Solving AOC 19 with optimization

Day 19 of this year's Advent of Code is a nice geometrical problem. We are given sets of points detected by different scanners in $3d$ space. Each scanner has its own coordinate system and does not know its own position with respect to the others. Based on some common detected points that scanners share, the task is to retrieve their relative relative positions in a single coordinate system. A longer and more accurate description can be found at https://adventofcode.com/2021/day/19.

This task can be split into several smaller steps:

In this post, I'm going to talk about how I solved this problem using some algorithms from convex optimization :)

Reading the input data

First, we should read and analyze the data to know what we're dealing with. I saved the example data which is given in the problem description in a text file, which can be easily parsed as done below

We can also take a look at the some of the points detected by the scanners

Find the relations between different sets

Once we read the data, we should find the sets which share at least 12 points, as stated in the problem description. To do so, we can compute the pairwise distances among all points in the same set (according to some norm). Then, if two sets share at least 66 such distances, it means there are at least 12 points in common between them (since the number of pairwise distances between 12 points is 66, i.e., 12 choose 2). We call sets which share at least 12 points a "couple". Note that I'm using python sets, which could give wrong results. Indeed, if more than 2 points are at the same distance (for example (0,0,0), (1,1,1), (2,2,2)), only one distance would be counted, and we would potentially miss some related sets (if this causes the shared distances to be less than 66). Neverthless, this is easy to fix, altough I didn't do it and got the right answer anyway!

Another problem we might encounter with the above approach is that two different sets of points which share the same distances might be considered overlapping even if they're not. For this advent of code puzzle, I'm not really sure this is a problem (how else could we detect that the sets share some points if not considering pairwise distances?), but in a real situation it could be.

Once we have all the connected "couples" of sets, we can build a graph. This graph will be used later, to determine the order to visit the sets of points. For example, the sets in the example data give rise to the following graph.

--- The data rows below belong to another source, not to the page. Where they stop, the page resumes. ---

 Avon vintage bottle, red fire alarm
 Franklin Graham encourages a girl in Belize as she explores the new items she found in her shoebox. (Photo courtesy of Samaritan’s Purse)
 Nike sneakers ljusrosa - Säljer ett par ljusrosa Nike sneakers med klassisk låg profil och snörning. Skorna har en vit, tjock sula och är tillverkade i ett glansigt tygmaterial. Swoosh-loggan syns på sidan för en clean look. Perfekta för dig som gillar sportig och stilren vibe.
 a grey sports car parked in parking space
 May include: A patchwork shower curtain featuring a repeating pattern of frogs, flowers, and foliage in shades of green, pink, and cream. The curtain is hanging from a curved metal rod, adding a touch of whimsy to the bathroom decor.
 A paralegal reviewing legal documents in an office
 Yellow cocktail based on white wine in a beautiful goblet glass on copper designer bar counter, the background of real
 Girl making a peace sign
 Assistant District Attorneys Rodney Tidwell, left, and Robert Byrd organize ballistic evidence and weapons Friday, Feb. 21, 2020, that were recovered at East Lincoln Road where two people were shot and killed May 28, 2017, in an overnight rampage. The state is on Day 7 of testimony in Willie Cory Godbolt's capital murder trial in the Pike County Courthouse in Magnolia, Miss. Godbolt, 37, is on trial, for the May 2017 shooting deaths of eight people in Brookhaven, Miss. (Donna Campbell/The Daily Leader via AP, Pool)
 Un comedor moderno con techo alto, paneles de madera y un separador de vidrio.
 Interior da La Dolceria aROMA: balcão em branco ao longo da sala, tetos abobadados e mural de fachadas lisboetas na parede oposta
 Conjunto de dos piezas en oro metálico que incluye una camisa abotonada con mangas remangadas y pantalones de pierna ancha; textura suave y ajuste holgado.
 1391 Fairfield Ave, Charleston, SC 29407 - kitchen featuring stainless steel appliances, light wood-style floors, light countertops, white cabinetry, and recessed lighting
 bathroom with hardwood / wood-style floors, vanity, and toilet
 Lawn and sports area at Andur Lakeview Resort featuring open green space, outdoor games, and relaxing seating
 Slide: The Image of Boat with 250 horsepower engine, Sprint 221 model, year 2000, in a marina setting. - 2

As already said, we need to determine the order to visit the sets of points. Indeed, in order to translate all the points in a single coordinate system, we can start from a set of points and iteratively transform the other sets into the system of the first set, following their relations in the graph we built. For example, in the example dataset, we can start from 0. From here, we can only visit 1 (since it's the only set which share at least 12 points with 0). From 1, we can either go to 4 or 3. Suppose we go to 3, then there are no other sets left. At this point we visit 4 and finally 2. This procedure corresponds to a Breadth First Search (BFS) visit of the graph of relations.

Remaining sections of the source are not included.